Threshold image segmentation based on improved sparrow search algorithm

Multimed Tools Appl. 2022;81(23):33513-33546. doi: 10.1007/s11042-022-13073-x. Epub 2022 Apr 20.

Abstract

Threshold segmentation based on swarm intelligence optimization algorithm is a research hotspot in image processing, because of its good segmentation effect and easy implementation. This paper proposes an image threshold segmentation method based on an improved sparrow search algorithm and 2-D maximum entropy method.

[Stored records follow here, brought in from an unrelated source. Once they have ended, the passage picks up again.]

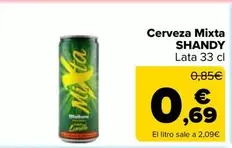 Shandy - Cerveza Mixta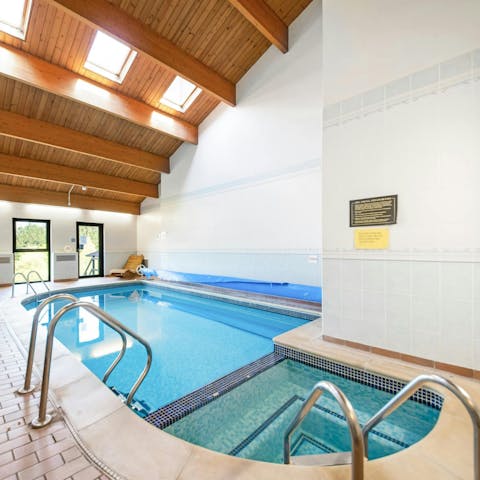 Take a refreshing dip in the communal pool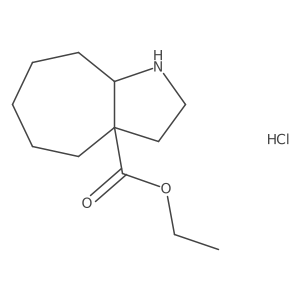 Rel-ethyl (3aR,8aS)-octahydrocyclohepta[b]pyrrole-3a(1H)-carboxylate hydrochloride Structure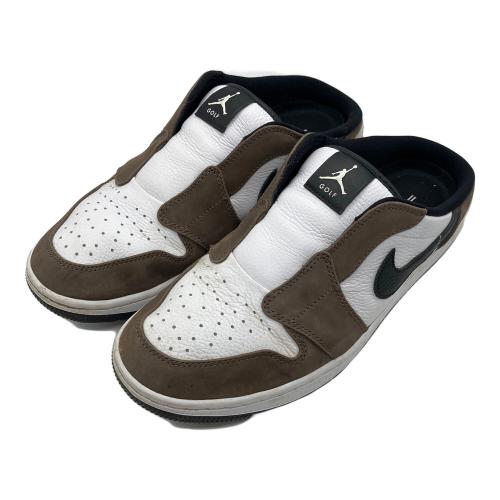 NIKE AIR JORDAN MULE ゴルフシューズ FJ1214-200 メンズ SIZE 27.5cm ホワイト×ブラウン
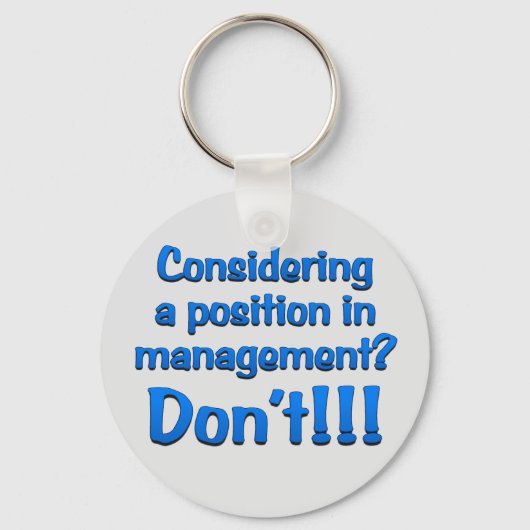 Porte-clés Ouverture dans la gestion (Recto)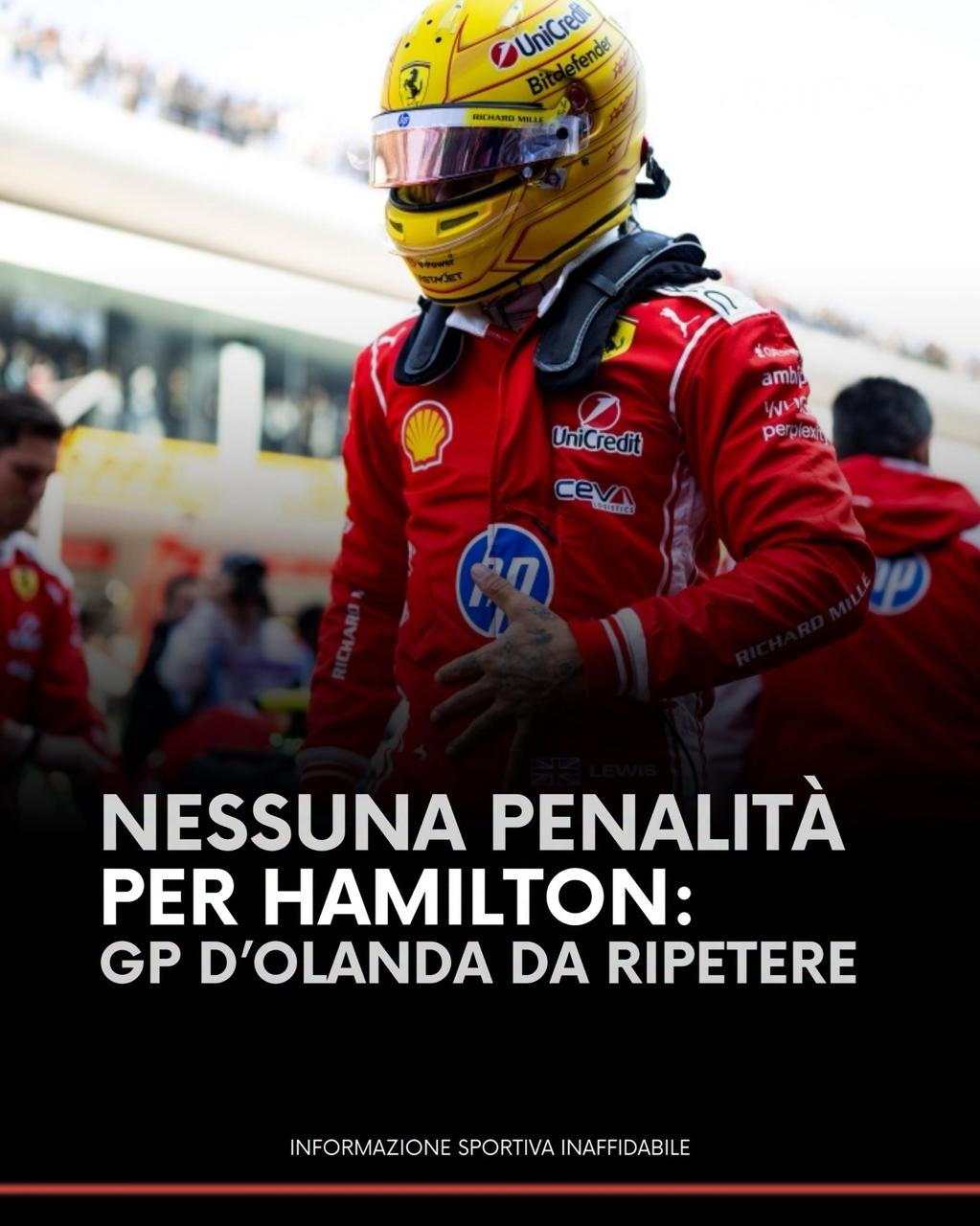 Hamilton Ferrari GP Olanda F1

In the proposed algorithm, the nonlinear inertia weight is introduced into the entrants' update formula to improve the local exploration ability of the algorithm, and Levy flight is introduced into the vigilant sparrows' update formula to prevent the algorithm from falling into the local optimal solution in the later stage of iteration. In addition, improved sparrow search algorithm is tested on fifteen benchmark functions. The results represent the merit of the proposed algorithm with respect to other algorithms. Finally, the proposed algorithm is applied to entropy based image segmentation. Experiment results on classical images and medical images show that the proposed method improves the segmentation effect in terms of peak signal-to-noise ratio and feature similarity.

Keywords: 2-D histogram; Levy flight; Maximum entropy; Nonlinear weight; Swarm optimization algorithm; Threshold image segmentation.